Ah, remember the real-life childhood scene of a mom or dad taking their child to the doctor, and after a certain age the doc would pop the question. You know, the really embarrassing one: “Are you sexually active?”
Maybe this happened to you. Even though the doctor was just trying to do their job, it’s awkward to answer questions about sex when you’re young. Even as adults, we worry about confidentiality and being judged.
But the term “sexually active” is somewhat confusing. Some may hear the phrase and think exclusively of penis-in-vagina (aka, P-in-V sex) but there’s a little more to it than that. Essentially, your doctor is probably trying to understand how high the chances of certain situations, like STIs or pregnancy, are for you.
So, what does sexually active actually mean, and why is it important? Let’s talk!
What Does Being Sexually Active Mean?
Like we said, being sexually active is more than just P-in-V sex. According to Healthline, it involves other kinds of sexual activity, “like fingering or handjobs, dry humping or other genital-to-genital contact, rimming or other types of oral sex, and anal penetration.” Basically, it involves skin-to-skin contact with one or more partners.
Teen Vogue says sex can be really individual, and the meaning can differ for each person. Some may define sex as narrowly as when both or more partners have an orgasm, for example. “Especially in the LGBTQ community, one’s definition of ‘sex’ is highly individual and certainly isn’t confined to p-in-the-v intercourse.”
Their article gives a historical answer to the question, “What is sex?” and highlights the way terms like “virgin” and “sexually active” developed in a patriarchal, heteronormative society that only counted heterosexual vaginal penetration as sex. While it’s totally fine to have individual ideas about what constitutes sex and being sexually active, we think it’s safe to say anything with skin-to-skin contact that could put you at risk of STIs and pregnancy would fall under the category of sexually active when your doctor asks this question.
Does Masturbation Count As Sexual Activity?
In a medical context, masturbation alone doesn’t really count as being sexually active. While we can, of course, have extremely fulfilling lives and enjoy sexual wellness without any partners, what your doctor really wants to know is if you’re at risk for STIs or pregnancy. Masturbation is the safest sex out there, so you don’t have to worry about either.
Mutual masturbation, in which two or more partners enjoy self-pleasure at the same time, is only a risk if there’s skin-to-skin contact as well.
Can My Doctor Tell If I’m Sexually Active?
This answer is a little less black and white, but probably not. The myth about “breaking a hymen” is just that, a myth. Some people are born with a hymen, a piece of tissue around the vaginal opening, but some are born with a partial hymen. It’s not uncommon for a woman to have no hymen at all. And although the hymen can be torn during physical sexual activities, it can also happen during exercise or other physical activity, and it’s impossible to tell which one may have caused it.
However, there are some normal signs of sexual activity doctors may notice. A recent viral TikTok described light bruising that can occur while giving a blow job, which dentists may sometimes notice. They don’t say anything or show concern, however, unless the patient is underage or shows signs of abuse or trauma. Health.com interviewed the dentist who says he made the TikTok because he hoped to make appointments less scary and confusing.
Semen can live in the body for up to about five days after unprotected sex, so if you’ve recently had anal or vaginal sex and have a scheduled examination, your doctor may notice that. But again—sex is normal, and there’s no reason to be ashamed.
When Should I Tell My Doctor If I’m Sexually Active?
For the good of your sexual wellness, it’s important to be honest with your doctor or other healthcare provider about your sex life. If you’re engaging in sexual activity or having skin-to-skin contact with others, it does put you at a certain level of risk for STIs and pregnancy. You may also have other sexual activity concerns, like erectile dysfunction or pain during sex, that affect your sexual health and wellness. Your sexual activity will also be important when you ask for birth control, even if you’re seeking it for another reason, like acne.
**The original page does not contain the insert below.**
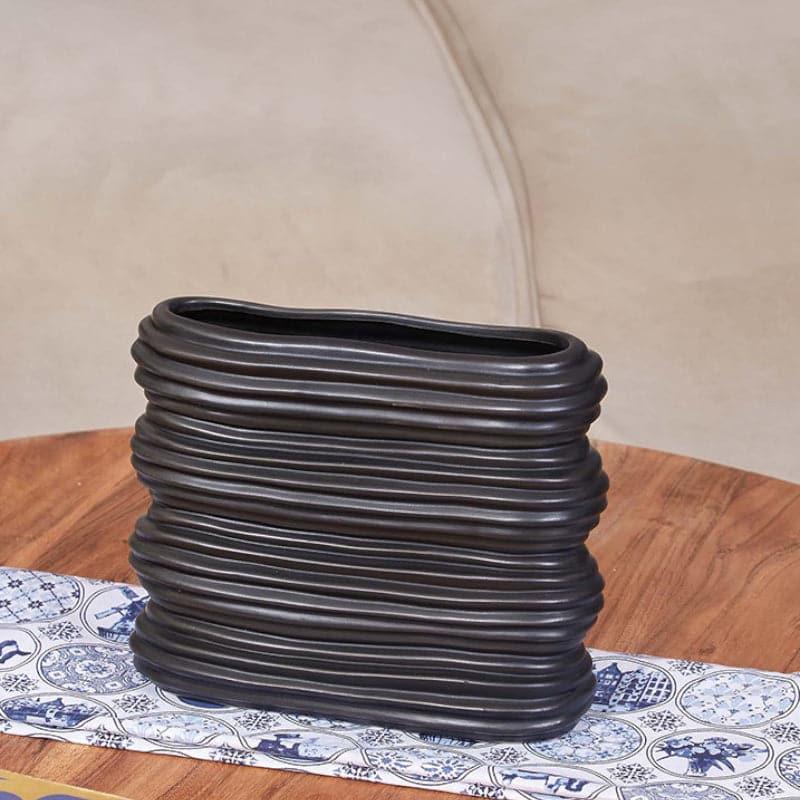 Buy Stripe Stack Vase - Black Vase from Vaaree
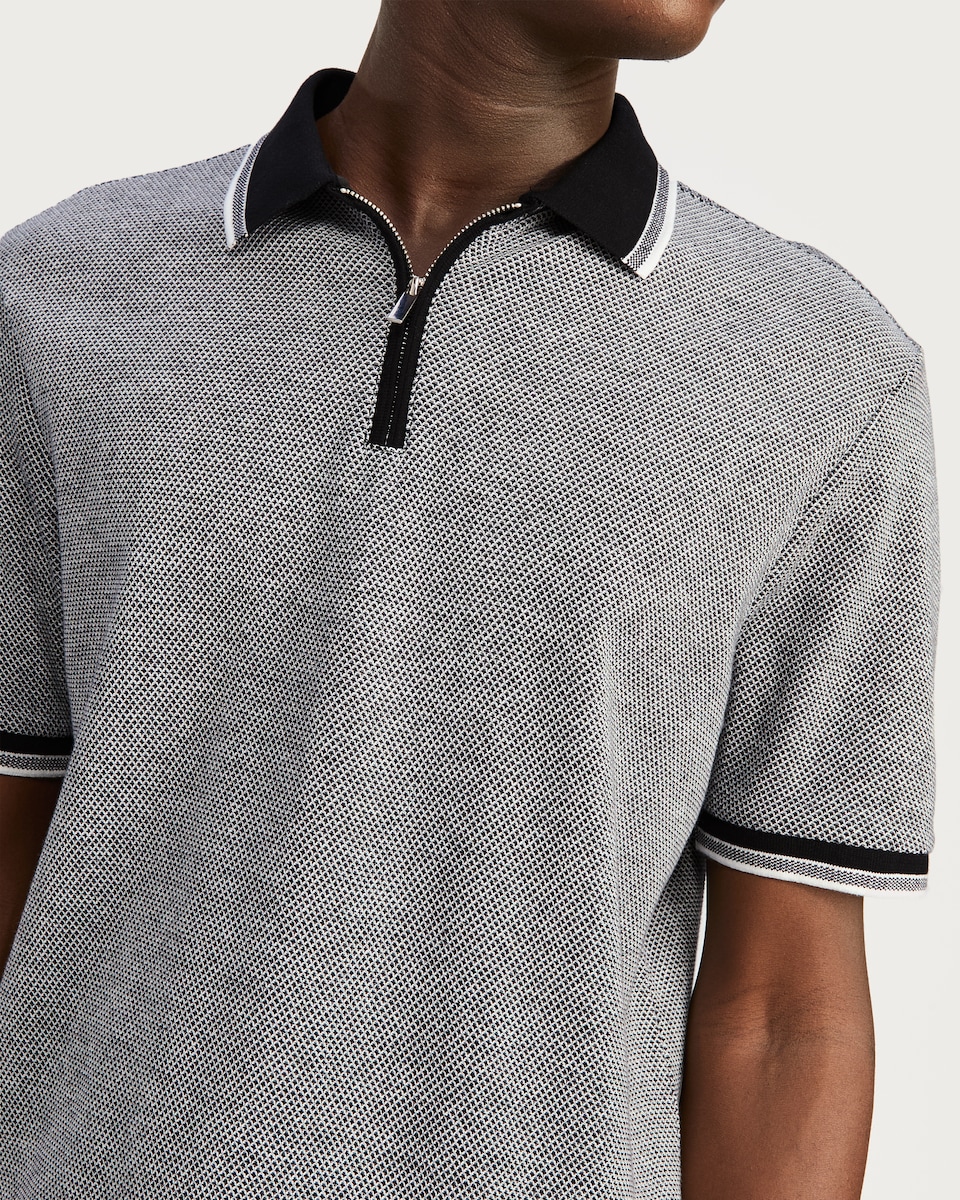 image 1 of The F&F Edit Pure Cotton Textured Zip Neck Polo Shirt in Black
Your doctor can help you make decisions about all the important sexual health questions, but only if you tell them the truth.
“It’s important to let health care providers know about other forms of sex that may put people at risk for sexually transmitted infections, such as anal or oral sex,” Planned Parenthood says on their website.
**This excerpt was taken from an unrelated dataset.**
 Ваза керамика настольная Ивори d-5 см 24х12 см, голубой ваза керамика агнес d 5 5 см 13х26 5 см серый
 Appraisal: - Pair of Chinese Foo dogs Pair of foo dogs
Young people worried about confidentiality can call ahead to ask about policies at the doctor’s office, but local law and office policies can change when certain things about sexual intercourse or health need to be disclosed.
Teen Vogue puts it succinctly, saying, “There are sex acts that can cause pregnancy and STIs, and there are ones that don’t.”
If you’re engaging in sexual activity that could result in either of those things, your doctor needs to know! When in doubt, be honest.
We hope you now have a better understanding of what being sexually active means, and that you can use this knowledge to improve your sexual health and wellness. We’ve said it before but we’ll say it again: there’s no shame in whatever consensual sexual activities you and your sexual partners enjoy. Bringing your doctor into the conversation ensures you can keep enjoying them safely.